Son Dakika
Mehmet Emin HAZRET
Sovyetler Birliği 1948 -1989 yılları arası Kazakistan’ın Semey nükleer poligonunda 468 kez atom bombası denemesi yaptı. Çin, 1964- 1996 yılları arasında Doğu Türkistan’ın Lop-Nor bölgesinde 11 yeraltı olmak üzere 46 defa nükleer bombası denemesi gerçekleştirdi. Kazak ve Uygur Türkleri başta olmak üzere Türkistan Türklerinin bu denemeler konusunda hiçbir şeyden haberleri yoktu. Nükleer denemelerden önce bu topraklarda yaşayanların sağlıklarının korunması noktasında alınacak önleyici tedbirler hakkında de her hangi bir bilgi sahibi değillerdi. Kazakistan’da 304 bin km2. lik yaşam alanı ve 1.7 milyon Kazak Türkü Kardeşlerimiz ölüme terk edilmişti. Türkistan coğrafyasının ekolojik ve doğal dengesini sağlayan ve bu toprakların bir iç denizi konumundaki Aral gölü,bu gölü besleyen nehirlerden aşırı su çekilmesi sebebiyle kurutuldu.

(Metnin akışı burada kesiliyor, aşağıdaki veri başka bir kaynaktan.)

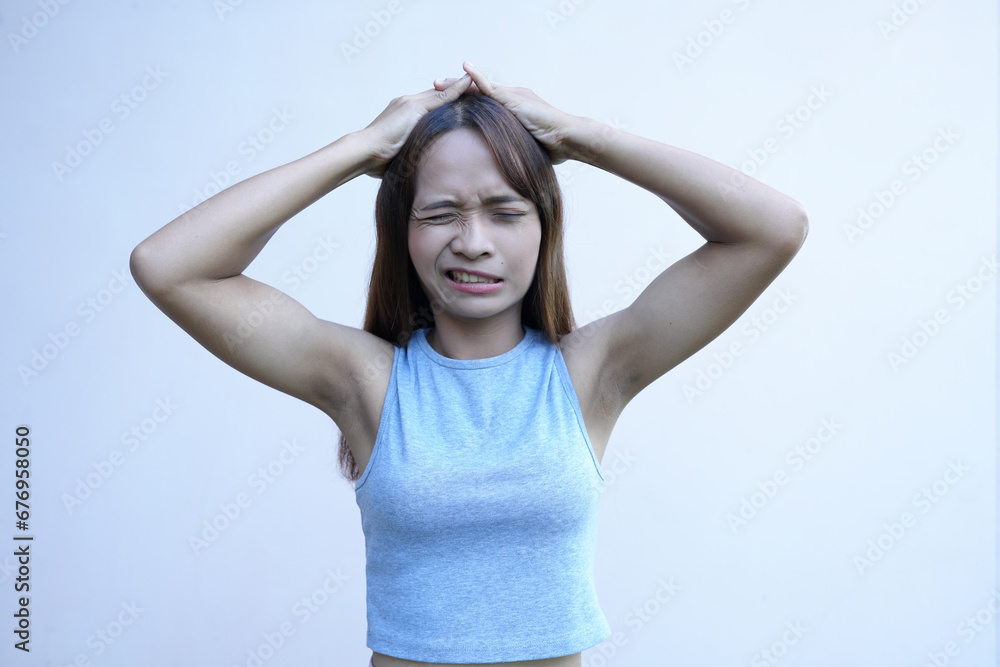 Asian woman has a headache Stressed from work Asian woman has a headache Stressed from work
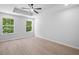 Bright bedroom with tray ceilings, ceiling fan, and view of the outdoors at 3156 Ozmer Lndg, Decatur, GA 30034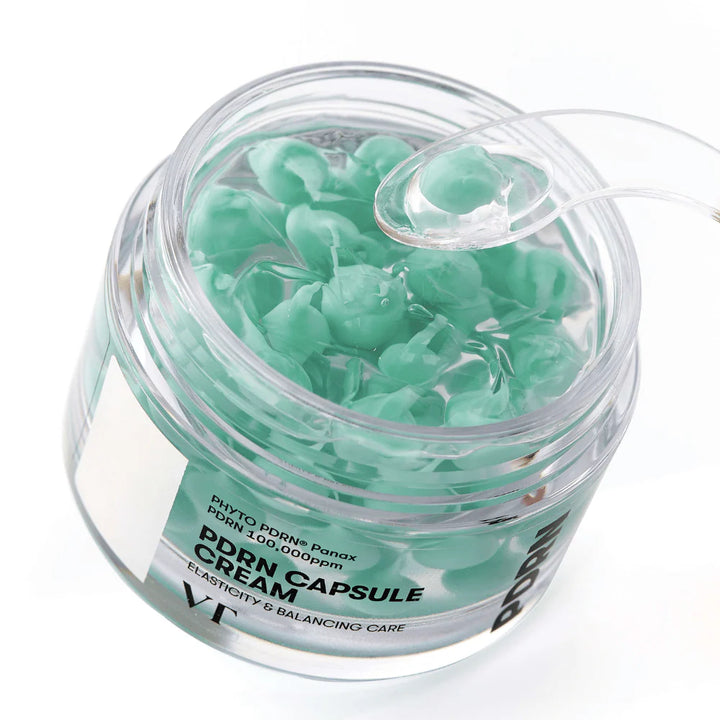 VT Cosmetics PDRN Capsule Cream 100 in a clear jar, showcasing the cream's smooth texture and capsule-infused formula.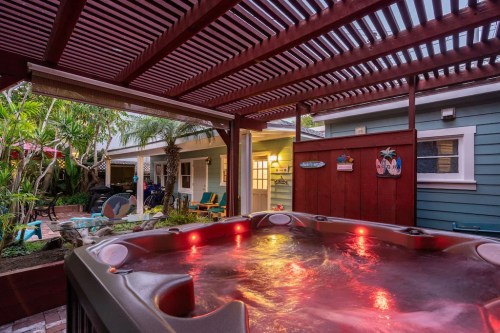 A hot tub with red lights under a wooden pergola, surrounded by tropical plants and a cozy backyard setting.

Japonlar ve diğer batılı araştırmacılar, Doğu Türkistan’da atom denemelerinden dolayı hayatını kaybedenler sayısının 129 bin kişi olduğunu açıkladılar.Kazakistan’da yaşayan Doğu Türkistan Milli Hareketi Liderlerinden merhum Yusufbek Muhlisi ise, 1990’lı yıllarda Kazakistan’in ve Türk dünyasının önde gelen fikir adamı ve aktivistlerinden Olcas Süleyman ile birlikte Nevada-Şemey Anti – nükleer Teşkilatı adına Almanya’da katıldığı bir toplantı’da Doğu Türkistan’da Çin’in yaptığı nükleer denemeler sonucunda 250 bir Uygur Türkü’nün hayatını kaybettiğini ve 750 bin kişinin ise, teşhis edilip adı de konulamayan,ancak Çin işgal yönetimi tarafından Numaralandırılan ve sayılarla anılan onlarca tür hastalığa yakalandıklarını ve ölümle pençeleştiklerini bildirmişti.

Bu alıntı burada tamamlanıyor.